Je savais ce que je voulais parce que j'avais gardé un oeil "distrait" sur ce qui existait. Chaque fois que je regardais attentivement un cadre d'alu offert par l'un ou l'autre des grands fabricants présents sur le marché canadien, une conclusion douloureuse me mordait un mollet: tout le monde associe l'alu à une pratique cycliste néophyte. Or, sans prétention aucune, c'est pas pour me prendre pour un autre mettons, c'est bien pour dire, mais quand même, genre que je pense pas être un néophyte dans le domaine. Je m'explique, c'est d'ailleurs très simple.

La géométrie des vélos d'alu qu'on trouve sur le marché n'a généralement rien à voir avec celle d'un grand coursier. Systématiquement, les douilles de direction sont trop longues tandis que les tubes horizontaux sont trop courts. Ceci implique que le cycliste aura une position "bien" relevée et "confortable". Ben, confortable pour les mononcles peut-être. En plus, l'empattement est si long qu'il suggère celui d'un Freightliner. On est loin de la petite bête nerveuse. Pire encore, la piètre qualité de l'alu avec lequel ces cadres sont fabriqués appauvrit encore davantage la valeur de ce qui est offert. Qui n'est pas resté perplexe en apprenant qu'un cadre était fabriqué de tubes d'aluminium haute performance de grade maison XYZ inconnu dans l'industrie de l'aluminium dont la forme est obtenue par hydroformage? Moi en tout cas, quand je vois ça, je suis pas convaincu du tout. Ça hume trop la boulechite pour être tenu pour crédible. Quand on regarde ces cadres d'un peu plus près, on voit même qu'ils ont des "eyelets" pour accrocher un porte-bagage et des garde-boues et que la colonne de la fourche est en alu cheap, sinon en acier. Arrêtez, de grâce, n'en jetez plus, la coupe est pleine. N'y avait-il plus aucun vrai beau cadre d'alu sur terre?

Là, je dis ça, mais je ne suis pas encore rendu chez Marinoni. La réflexion ne vient pas d'eux, c'est pas le genre de la maison de chippoter comme ça, du moins en public. Et personne ne m'a raconté cette histoire, aucun vendeur ne m'a soufflé cette analyse en vue de me refiler un vieux cadre jaune fluo et invendable qui trainait à la cave depuis une décennie. C'est tout de mon cru, c'est du Paradis pur sucre et c'est ce qui m'a guidé vers la famille Marinoni: ils ne font pas des bourricots, pas même en aluminium.
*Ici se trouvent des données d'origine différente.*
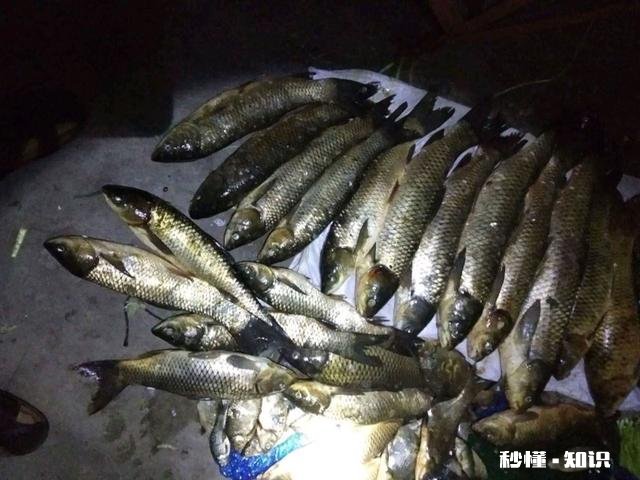 蚯蚓能钓草鱼吗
Il me semble que je le savais depuis presque toujours, un coup d'oeil à leur site Web m'a conforté dans ma certitude. Leur Delta, qui n'est pourtant pas leur vélo le plus "tendance" mettons, avait une vraie géométrie de coursier et il était fait pour moi. Je le savais avant de me déplacer. Pis c'est un tout alu, triangle arrière inclus.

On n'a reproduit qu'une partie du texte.